"Seven times a day I praise you
because your judgments are righteous."
(Psalm 119:164)
1174 The mystery of Christ, his Incarnation and Passover, which we celebrate in the Eucharist especially at the Sunday assembly, permeates and transfigures the time of each day, through the celebration of the Liturgy of the Hours, "the divine office." This celebration, faithful to the apostolic exhortations to "pray constantly," is "so devised that the whole course of the day and night is made holy by the praise of God." In this "public prayer of the Church," the faithful (clergy, religious, and lay people) exercise the royal priesthood of the baptized. Celebrated in "the form approved" by the Church, the Liturgy of the Hours "is truly the voice of the Bride herself addressed to her Bridegroom. It is the very prayer which Christ himself together with his Body addresses to the Father.

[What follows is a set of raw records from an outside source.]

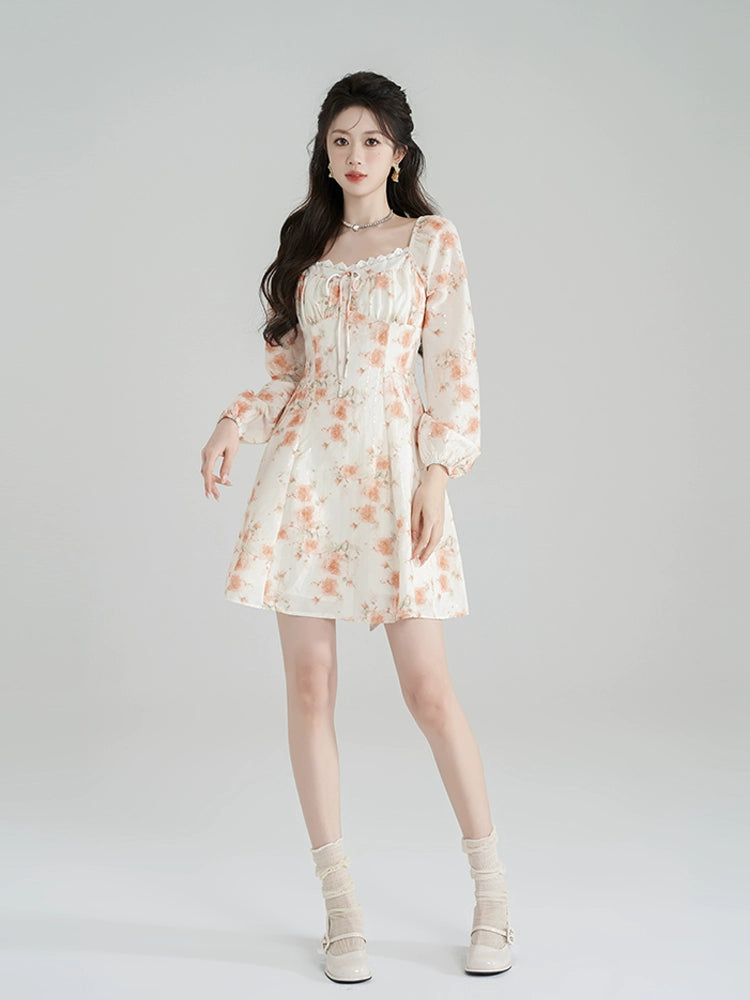 Robe en mousseline de soie à fleurs orange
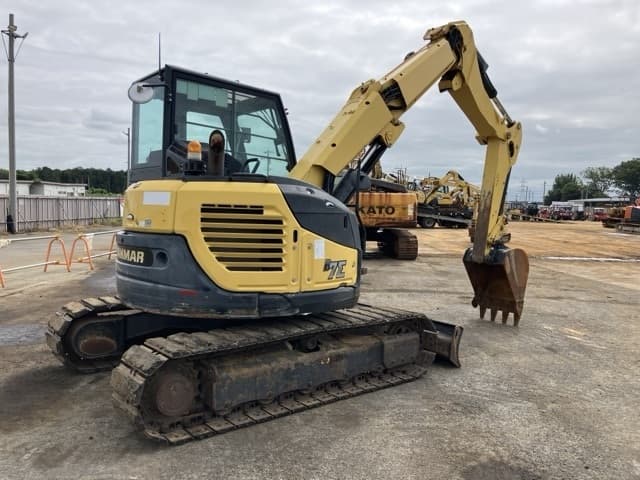 EXCAVATOR — Auction (lot 8460-237)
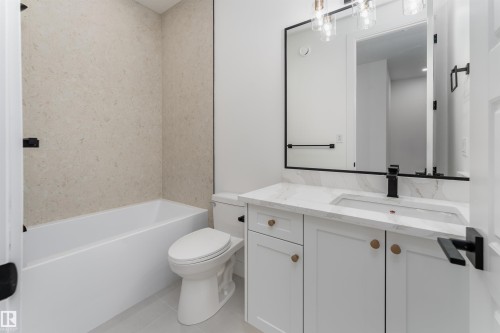 3117 Magpie Way, Edmonton, AB - Indoor Photo Showing Bathroom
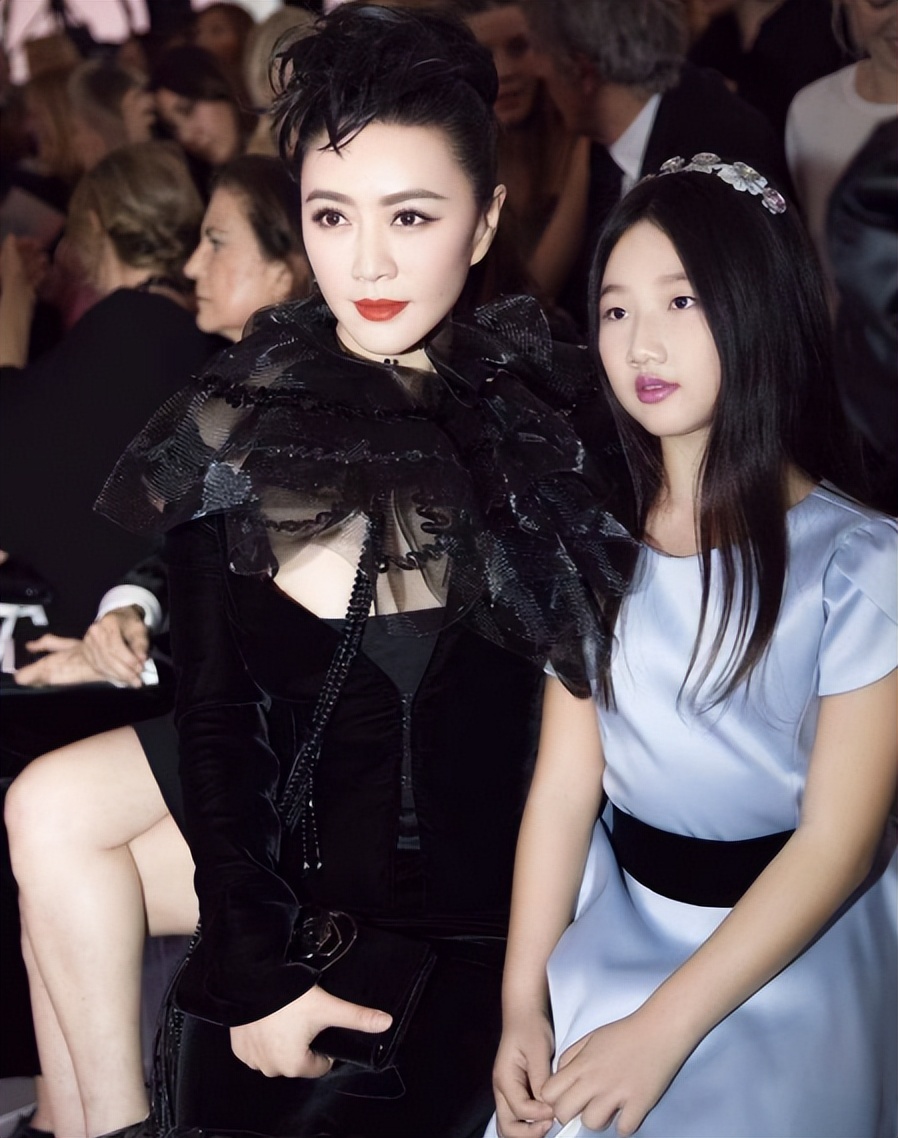 田海蓉被抛弃后活得最精彩,田海蓉丈夫葬礼视频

1175 The Liturgy of the Hours is intended to become the prayer of the whole People of God. In it Christ himself "continues his priestly work through his Church." His members participate according to their own place in the Church and the circumstances of their lives". Pastors of souls should see to it that the principal hours, especially Vespers, are celebrated in common in church on Sundays and on the more solemn feasts. The laity, too, are encouraged to recite the divine office, either with the priests, or among themselves, or even individually."